The output is the line holding "Bath - 714 Dean" and all lines after it to the end of the records below; restate them unchanged and add nothing.

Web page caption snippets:
****************
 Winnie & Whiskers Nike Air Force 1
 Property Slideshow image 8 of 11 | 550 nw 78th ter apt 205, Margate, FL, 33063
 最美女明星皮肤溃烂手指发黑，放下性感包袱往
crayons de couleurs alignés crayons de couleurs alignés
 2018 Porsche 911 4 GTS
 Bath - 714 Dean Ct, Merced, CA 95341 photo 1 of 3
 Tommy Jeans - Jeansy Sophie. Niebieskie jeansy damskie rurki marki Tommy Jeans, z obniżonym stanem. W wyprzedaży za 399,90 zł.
****************
Written reply
 Bath - 714 Dean Ct, Merced, CA 95341 photo 1 of 3
 Tommy Jeans - Jeansy Sophie. Niebieskie jeansy damskie rurki marki Tommy Jeans, z obniżonym stanem. W wyprzedaży za 399,90 zł.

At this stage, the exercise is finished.